Provided material
------------------------------------------------------------

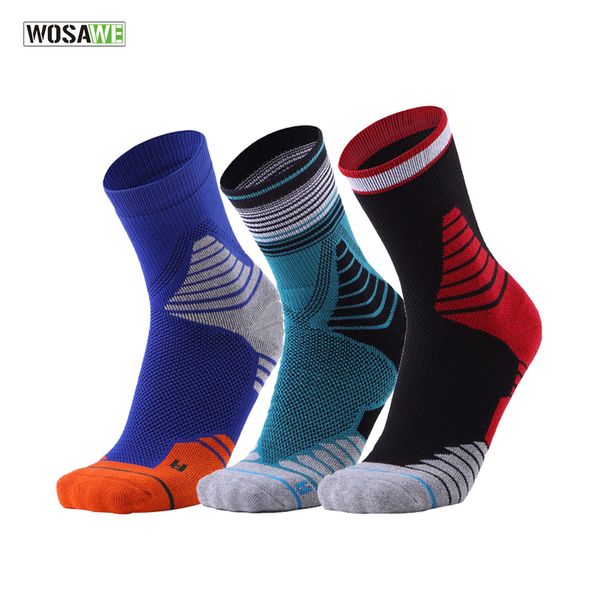

cycling socks men outdoor sports breathable bike foot wear for road bike socks running basketball camping & hiking, Black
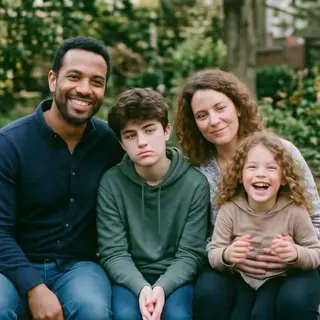 A family photo with four people: a father beaming with pride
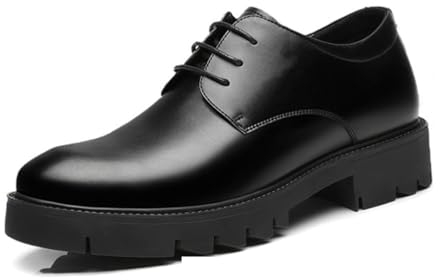VIBLiSS Aufzugsschuhe Für Herren, 10 cm Höhenerhöhende Lederschuhe, Formelle Abendschuhe, Schwarzes Echtes Leder, 3,93 Zoll Größer,Black 10cm,42 EU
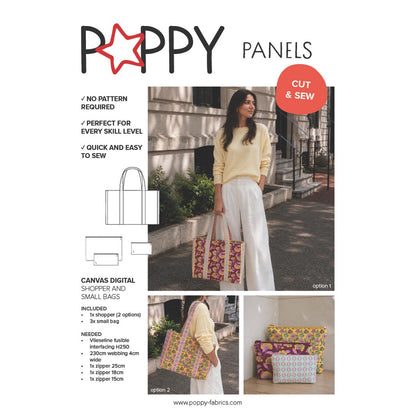 Panneau prêt à coudre – sac à fleurs – rose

------------------------------------------------------------

Your objective
Copy the listing over exactly, skipping the pictures it holds.

Written response
cycling socks men outdoor sports breathable bike foot wear for road bike socks running basketball camping & hiking, Black
 A family photo with four people: a father beaming with pride
VIBLiSS Aufzugsschuhe Für Herren, 10 cm Höhenerhöhende Lederschuhe, Formelle Abendschuhe, Schwarzes Echtes Leder, 3,93 Zoll Größer,Black 10cm,42 EU
 Panneau prêt à coudre – sac à fleurs – rose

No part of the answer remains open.